I have two tables, df and asm. df is a very large table while asm is a very small table

When I execute this code

        df.groupBy(f.spark_partition_id()).count().show()

        # assumption name is under index
        df = df.join(f.broadcast(asm), df["join_asm"] == asm["index"]).drop("join_asm", "index")
        df.groupBy(f.spark_partition_id()).count().show()
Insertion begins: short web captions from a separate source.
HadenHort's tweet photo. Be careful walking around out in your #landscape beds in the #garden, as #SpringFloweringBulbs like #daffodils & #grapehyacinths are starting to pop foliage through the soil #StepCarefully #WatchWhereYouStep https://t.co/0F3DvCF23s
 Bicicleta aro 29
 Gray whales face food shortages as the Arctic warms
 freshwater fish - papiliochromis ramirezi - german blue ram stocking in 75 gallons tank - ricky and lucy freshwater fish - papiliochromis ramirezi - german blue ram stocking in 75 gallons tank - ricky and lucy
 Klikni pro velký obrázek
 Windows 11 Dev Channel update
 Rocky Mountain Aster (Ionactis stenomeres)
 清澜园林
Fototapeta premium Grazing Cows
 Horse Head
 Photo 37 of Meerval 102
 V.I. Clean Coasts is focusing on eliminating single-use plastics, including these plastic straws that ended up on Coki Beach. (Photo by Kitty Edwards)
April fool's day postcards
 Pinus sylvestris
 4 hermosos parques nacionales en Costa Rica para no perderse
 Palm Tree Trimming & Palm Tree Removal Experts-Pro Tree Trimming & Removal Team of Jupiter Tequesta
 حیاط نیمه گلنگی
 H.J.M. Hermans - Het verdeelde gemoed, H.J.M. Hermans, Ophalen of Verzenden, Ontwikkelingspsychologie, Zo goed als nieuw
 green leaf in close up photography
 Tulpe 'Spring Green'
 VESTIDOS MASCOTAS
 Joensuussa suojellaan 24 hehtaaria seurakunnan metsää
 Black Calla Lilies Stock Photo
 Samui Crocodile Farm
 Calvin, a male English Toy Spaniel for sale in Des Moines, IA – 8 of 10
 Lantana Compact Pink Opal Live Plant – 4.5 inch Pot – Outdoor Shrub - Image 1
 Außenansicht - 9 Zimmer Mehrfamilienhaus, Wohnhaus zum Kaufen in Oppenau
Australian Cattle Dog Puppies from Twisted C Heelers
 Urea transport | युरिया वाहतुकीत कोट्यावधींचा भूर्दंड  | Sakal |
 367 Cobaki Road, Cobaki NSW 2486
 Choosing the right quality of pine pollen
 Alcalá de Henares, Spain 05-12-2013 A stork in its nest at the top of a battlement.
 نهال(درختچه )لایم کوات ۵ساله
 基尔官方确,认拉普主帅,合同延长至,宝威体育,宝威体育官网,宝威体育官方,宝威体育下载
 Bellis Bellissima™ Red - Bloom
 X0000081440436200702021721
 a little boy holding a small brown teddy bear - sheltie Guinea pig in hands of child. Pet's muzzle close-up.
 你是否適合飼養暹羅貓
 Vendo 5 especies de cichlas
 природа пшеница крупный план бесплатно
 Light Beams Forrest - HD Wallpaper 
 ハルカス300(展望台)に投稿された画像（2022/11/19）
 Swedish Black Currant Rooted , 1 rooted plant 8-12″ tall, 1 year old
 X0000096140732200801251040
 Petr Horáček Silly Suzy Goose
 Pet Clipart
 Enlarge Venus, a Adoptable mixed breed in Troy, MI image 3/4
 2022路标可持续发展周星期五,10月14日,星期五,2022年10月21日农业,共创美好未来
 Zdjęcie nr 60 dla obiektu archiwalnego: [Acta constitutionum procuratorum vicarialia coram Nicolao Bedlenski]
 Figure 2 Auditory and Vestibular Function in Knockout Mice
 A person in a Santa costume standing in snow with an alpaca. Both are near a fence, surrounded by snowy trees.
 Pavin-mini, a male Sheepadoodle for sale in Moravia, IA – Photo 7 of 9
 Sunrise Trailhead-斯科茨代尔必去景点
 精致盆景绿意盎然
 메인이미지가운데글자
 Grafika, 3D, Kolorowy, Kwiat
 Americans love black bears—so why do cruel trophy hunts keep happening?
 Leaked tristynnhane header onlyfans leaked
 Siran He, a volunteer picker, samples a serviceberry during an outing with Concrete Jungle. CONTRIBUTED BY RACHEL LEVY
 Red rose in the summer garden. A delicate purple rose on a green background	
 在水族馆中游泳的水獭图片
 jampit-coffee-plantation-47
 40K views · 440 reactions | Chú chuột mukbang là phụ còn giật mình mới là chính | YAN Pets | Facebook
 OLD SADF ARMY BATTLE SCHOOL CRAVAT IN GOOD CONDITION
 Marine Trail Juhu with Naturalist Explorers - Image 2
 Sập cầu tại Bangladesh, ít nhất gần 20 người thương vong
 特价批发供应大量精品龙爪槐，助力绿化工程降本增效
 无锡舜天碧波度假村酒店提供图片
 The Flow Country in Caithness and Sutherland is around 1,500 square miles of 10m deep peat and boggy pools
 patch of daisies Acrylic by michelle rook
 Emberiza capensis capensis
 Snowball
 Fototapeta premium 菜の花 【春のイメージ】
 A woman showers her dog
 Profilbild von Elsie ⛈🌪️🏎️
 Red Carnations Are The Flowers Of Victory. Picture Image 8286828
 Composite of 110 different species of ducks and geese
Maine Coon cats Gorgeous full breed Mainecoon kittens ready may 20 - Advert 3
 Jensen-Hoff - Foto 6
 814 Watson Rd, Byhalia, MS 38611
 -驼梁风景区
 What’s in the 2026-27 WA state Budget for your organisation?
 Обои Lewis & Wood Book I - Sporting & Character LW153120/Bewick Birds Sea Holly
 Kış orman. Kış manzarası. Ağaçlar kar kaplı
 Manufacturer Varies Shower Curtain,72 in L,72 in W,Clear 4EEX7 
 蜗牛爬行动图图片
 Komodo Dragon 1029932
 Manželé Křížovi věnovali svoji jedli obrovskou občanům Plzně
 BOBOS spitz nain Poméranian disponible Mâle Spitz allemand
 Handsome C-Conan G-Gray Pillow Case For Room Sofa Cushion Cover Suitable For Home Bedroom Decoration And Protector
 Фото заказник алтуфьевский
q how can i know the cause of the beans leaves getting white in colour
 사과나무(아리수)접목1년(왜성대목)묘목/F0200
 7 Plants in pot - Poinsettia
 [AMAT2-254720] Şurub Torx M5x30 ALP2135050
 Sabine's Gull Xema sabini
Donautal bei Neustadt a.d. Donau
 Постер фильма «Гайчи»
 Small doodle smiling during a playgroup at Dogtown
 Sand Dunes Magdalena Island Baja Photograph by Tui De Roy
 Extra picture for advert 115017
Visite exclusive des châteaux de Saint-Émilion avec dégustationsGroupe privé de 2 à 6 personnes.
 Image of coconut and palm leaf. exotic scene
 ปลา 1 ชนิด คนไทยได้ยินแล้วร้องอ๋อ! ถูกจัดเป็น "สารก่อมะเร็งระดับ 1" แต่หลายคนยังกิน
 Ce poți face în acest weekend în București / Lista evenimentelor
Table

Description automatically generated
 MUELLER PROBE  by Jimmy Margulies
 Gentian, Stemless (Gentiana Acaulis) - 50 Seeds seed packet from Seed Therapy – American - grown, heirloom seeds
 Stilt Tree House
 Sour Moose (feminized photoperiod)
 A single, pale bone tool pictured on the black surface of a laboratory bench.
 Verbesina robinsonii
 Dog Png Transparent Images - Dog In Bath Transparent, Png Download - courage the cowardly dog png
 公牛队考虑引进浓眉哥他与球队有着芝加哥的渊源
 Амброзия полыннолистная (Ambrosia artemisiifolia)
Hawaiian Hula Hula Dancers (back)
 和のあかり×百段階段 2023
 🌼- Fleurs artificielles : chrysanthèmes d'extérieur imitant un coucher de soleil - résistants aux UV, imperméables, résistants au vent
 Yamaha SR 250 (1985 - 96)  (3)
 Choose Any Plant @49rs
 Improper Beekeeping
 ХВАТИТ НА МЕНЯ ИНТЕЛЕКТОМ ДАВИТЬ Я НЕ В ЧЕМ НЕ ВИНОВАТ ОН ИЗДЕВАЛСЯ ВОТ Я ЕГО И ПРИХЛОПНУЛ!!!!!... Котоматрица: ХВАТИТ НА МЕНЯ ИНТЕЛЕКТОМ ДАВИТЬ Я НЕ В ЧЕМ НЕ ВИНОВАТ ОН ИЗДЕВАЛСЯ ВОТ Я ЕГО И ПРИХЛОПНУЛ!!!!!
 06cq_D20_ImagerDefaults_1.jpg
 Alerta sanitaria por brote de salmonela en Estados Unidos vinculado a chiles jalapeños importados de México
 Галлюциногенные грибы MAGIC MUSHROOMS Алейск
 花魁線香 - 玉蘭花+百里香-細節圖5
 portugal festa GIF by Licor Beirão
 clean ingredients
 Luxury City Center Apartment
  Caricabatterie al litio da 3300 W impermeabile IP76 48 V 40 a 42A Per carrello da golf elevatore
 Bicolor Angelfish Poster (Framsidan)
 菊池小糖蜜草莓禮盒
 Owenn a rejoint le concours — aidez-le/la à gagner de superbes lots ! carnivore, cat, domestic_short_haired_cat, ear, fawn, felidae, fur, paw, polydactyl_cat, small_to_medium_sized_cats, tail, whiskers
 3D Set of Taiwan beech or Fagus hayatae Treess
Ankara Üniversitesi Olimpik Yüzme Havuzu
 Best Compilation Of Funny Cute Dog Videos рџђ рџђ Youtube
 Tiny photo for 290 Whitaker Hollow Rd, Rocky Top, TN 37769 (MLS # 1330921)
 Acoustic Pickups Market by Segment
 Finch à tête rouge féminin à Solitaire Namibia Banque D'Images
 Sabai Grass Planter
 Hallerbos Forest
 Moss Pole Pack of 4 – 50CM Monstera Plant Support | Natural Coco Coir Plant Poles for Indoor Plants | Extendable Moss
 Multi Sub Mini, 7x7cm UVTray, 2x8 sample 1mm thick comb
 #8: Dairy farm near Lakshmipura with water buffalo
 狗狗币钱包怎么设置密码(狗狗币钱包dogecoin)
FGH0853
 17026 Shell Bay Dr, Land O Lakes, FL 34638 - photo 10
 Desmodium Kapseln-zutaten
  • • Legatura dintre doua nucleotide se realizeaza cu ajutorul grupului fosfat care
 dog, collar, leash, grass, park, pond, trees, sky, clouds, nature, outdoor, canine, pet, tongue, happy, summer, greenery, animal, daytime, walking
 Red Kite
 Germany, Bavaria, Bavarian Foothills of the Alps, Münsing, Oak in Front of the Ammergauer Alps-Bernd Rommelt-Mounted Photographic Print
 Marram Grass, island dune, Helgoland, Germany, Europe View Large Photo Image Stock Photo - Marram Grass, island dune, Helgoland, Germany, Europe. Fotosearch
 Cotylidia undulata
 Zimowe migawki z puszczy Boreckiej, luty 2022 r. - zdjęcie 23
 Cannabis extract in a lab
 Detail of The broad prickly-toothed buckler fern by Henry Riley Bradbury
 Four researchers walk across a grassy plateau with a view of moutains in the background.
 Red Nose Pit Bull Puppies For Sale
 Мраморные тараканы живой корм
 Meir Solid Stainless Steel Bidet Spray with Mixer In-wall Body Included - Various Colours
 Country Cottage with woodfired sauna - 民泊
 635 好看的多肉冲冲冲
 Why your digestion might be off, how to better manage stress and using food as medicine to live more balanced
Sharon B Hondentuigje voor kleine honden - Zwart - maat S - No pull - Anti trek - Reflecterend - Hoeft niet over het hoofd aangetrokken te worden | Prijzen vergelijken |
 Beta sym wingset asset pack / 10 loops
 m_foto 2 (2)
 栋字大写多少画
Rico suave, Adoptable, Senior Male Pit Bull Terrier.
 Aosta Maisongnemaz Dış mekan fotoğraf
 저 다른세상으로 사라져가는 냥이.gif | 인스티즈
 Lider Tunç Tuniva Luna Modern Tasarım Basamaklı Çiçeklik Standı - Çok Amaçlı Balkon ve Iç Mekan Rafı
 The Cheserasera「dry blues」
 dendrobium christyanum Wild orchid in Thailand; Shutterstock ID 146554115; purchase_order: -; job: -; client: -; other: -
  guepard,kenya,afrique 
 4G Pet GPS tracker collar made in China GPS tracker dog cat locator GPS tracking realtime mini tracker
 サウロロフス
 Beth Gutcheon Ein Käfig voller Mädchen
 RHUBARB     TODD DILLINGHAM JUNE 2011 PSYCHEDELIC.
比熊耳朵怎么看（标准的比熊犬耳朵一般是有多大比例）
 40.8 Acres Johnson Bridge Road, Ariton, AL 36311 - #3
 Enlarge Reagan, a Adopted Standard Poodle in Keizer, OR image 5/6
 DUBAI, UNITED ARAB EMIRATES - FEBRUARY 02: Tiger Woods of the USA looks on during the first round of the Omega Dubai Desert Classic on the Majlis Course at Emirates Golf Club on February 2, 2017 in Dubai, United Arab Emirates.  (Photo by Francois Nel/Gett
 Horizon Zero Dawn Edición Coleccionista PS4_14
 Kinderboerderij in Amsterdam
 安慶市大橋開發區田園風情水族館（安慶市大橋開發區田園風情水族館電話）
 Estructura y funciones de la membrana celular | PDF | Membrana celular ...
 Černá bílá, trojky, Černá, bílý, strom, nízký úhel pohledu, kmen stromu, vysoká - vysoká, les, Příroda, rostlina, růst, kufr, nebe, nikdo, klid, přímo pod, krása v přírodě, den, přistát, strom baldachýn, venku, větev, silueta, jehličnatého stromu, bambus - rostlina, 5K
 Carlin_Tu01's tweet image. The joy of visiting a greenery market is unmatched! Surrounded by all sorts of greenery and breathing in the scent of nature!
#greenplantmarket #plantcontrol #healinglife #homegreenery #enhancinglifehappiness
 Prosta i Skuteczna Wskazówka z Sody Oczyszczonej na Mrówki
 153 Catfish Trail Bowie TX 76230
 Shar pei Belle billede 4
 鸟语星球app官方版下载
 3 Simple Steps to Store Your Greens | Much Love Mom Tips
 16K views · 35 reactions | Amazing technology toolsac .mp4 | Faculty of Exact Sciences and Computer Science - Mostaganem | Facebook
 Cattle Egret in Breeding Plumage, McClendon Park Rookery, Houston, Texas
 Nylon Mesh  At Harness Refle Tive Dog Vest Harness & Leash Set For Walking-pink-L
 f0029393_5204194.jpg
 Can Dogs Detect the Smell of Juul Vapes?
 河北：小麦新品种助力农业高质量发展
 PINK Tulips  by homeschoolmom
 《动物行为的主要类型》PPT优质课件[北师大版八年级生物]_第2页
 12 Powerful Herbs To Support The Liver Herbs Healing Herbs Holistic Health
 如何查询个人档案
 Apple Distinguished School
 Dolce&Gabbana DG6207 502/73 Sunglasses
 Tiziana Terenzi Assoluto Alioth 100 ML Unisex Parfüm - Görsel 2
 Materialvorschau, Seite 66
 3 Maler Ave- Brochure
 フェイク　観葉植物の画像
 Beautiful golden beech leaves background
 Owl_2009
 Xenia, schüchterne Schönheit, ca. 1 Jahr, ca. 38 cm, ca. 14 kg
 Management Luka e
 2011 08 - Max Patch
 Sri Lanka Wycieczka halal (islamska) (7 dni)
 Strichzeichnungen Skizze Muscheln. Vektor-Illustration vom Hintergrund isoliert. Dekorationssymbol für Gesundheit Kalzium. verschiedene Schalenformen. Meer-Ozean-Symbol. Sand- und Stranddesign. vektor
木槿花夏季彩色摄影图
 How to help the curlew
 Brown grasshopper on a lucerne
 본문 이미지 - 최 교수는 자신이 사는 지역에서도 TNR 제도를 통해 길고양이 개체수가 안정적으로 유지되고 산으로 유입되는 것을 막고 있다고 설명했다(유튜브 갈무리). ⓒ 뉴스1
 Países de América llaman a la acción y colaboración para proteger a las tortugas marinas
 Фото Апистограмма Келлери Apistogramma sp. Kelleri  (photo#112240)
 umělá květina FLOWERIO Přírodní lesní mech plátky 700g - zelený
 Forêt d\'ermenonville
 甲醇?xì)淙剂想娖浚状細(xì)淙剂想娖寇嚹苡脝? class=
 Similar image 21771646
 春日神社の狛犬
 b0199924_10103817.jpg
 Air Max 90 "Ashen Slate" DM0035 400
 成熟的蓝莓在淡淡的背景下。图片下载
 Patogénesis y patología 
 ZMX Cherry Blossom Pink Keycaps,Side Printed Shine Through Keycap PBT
I inexplicably get this result

+--------------------+-----+
|SPARK_PARTITION_ID()|count|
+--------------------+-----+
|                 148|   50|
|                  31|   50|
|                 137|   50|
|                  85|   50|
|                  65|   50|
|                  53|   50|
|                 133|   50|
|                  78|   50|
|                 108|   50|
|                 155|   50|
|                  34|   50|
|                 193|   50|
|                 101|   50|
|                 115|   50|
|                 126|   50|
|                  81|   50|
|                  28|   50|
|                 183|   50|
|                  76|   50|
|                  26|   50|
+--------------------+-----+
only showing top 20 rows

+--------------------+-----+
|SPARK_PARTITION_ID()|count|
+--------------------+-----+
|                   0|10000|
+--------------------+-----+

Nothing I've seen seems to be able to explain this. I've verified the asm is being broadcast but even if it wasn't I don't know why it would automatically coalesce all the data into a single partition.

  • There are some posts here. May be they can help with partitioning behaviour during join: https://stackoverflow.com/questions/46773829/which-properties-has-spark-dataframe-after-join-of-two-dataframes-with-same-part, https://stackoverflow.com/questions/51876281/is-partitioning-retained-after-a-spark-sql-join – Azhar Khan Oct 25 '22 at 11:33

0 Answers0